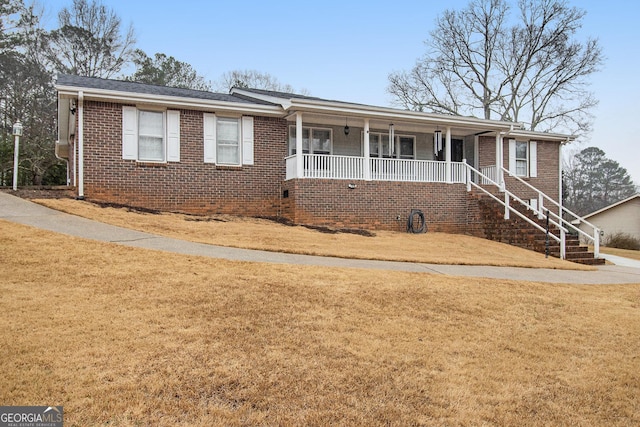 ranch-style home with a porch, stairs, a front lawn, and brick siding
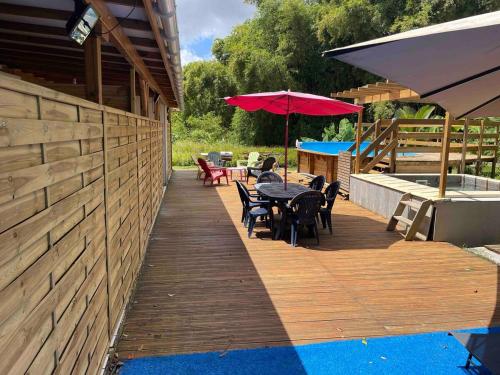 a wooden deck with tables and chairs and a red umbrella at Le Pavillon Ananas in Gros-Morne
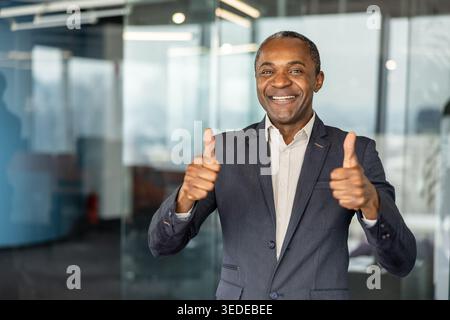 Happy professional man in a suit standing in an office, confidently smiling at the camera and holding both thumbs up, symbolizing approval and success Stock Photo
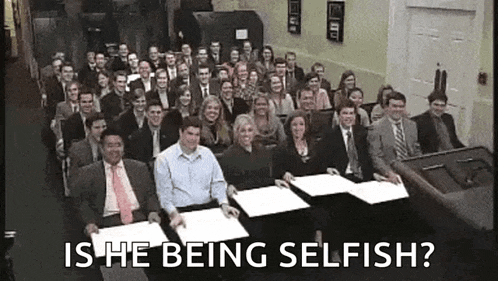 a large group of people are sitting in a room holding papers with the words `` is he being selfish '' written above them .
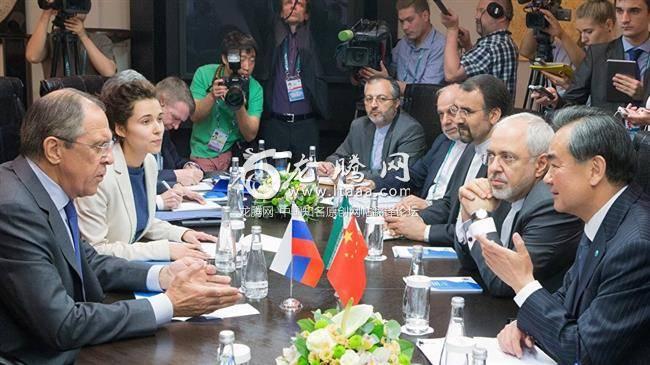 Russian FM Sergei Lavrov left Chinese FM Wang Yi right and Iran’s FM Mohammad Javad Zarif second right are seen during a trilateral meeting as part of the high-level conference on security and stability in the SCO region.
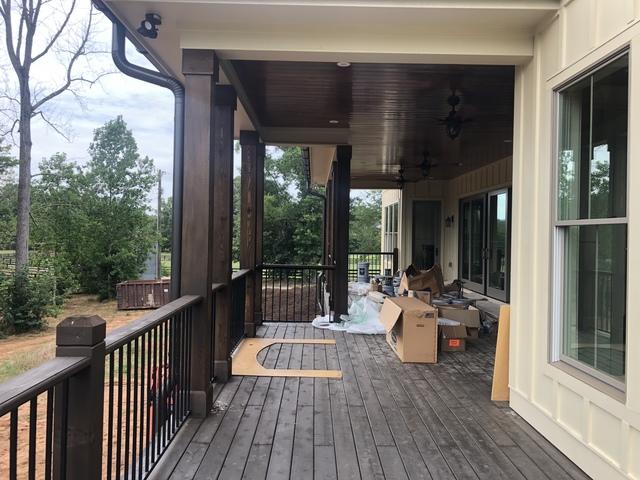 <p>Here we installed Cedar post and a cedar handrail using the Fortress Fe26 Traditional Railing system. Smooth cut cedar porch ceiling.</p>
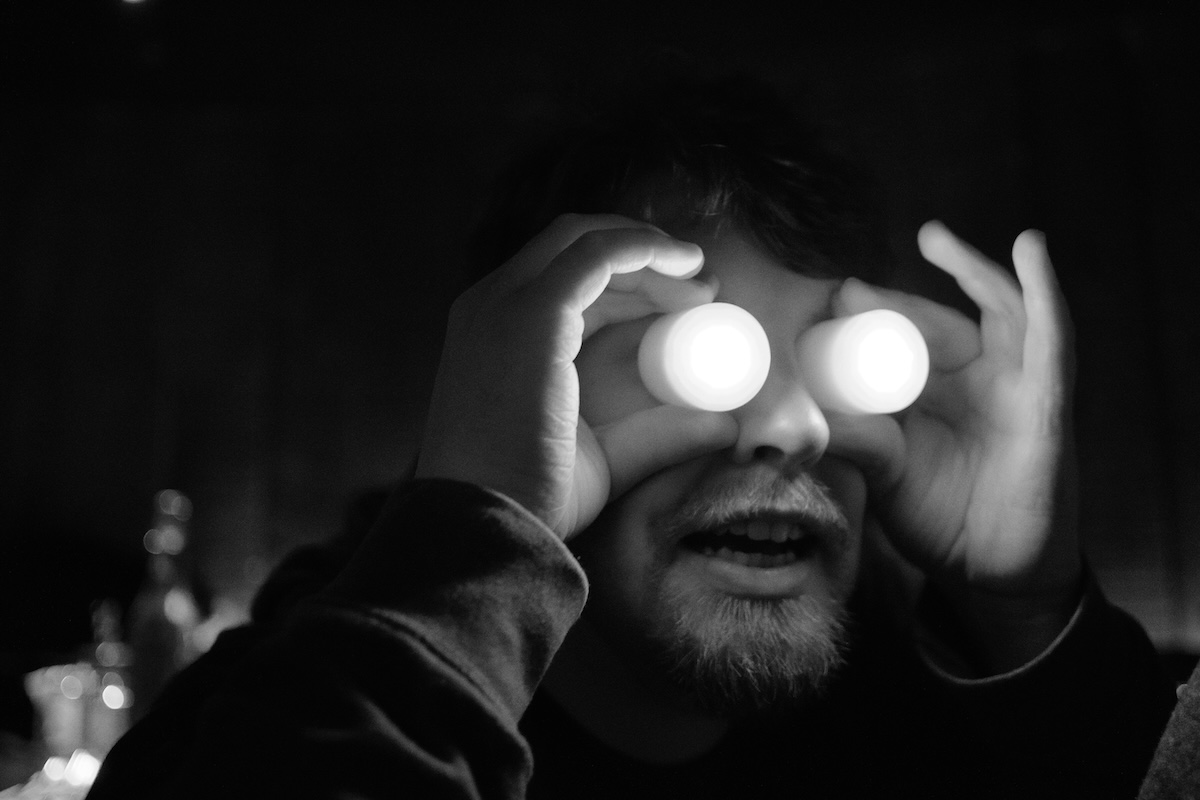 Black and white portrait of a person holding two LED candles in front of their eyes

========================================================================

EXERCISE INSTRUCTIONS: Set out nothing but the lines from the line with "Russian FM Sergei" through the end of the material, reproduced exactly, both ends included, pictures omitted.

EXPECTED ANSWER:
 Russian FM Sergei Lavrov left Chinese FM Wang Yi right and Iran’s FM Mohammad Javad Zarif second right are seen during a trilateral meeting as part of the high-level conference on security and stability in the SCO region.
 <p>Here we installed Cedar post and a cedar handrail using the Fortress Fe26 Traditional Railing system. Smooth cut cedar porch ceiling.</p>
 Black and white portrait of a person holding two LED candles in front of their eyes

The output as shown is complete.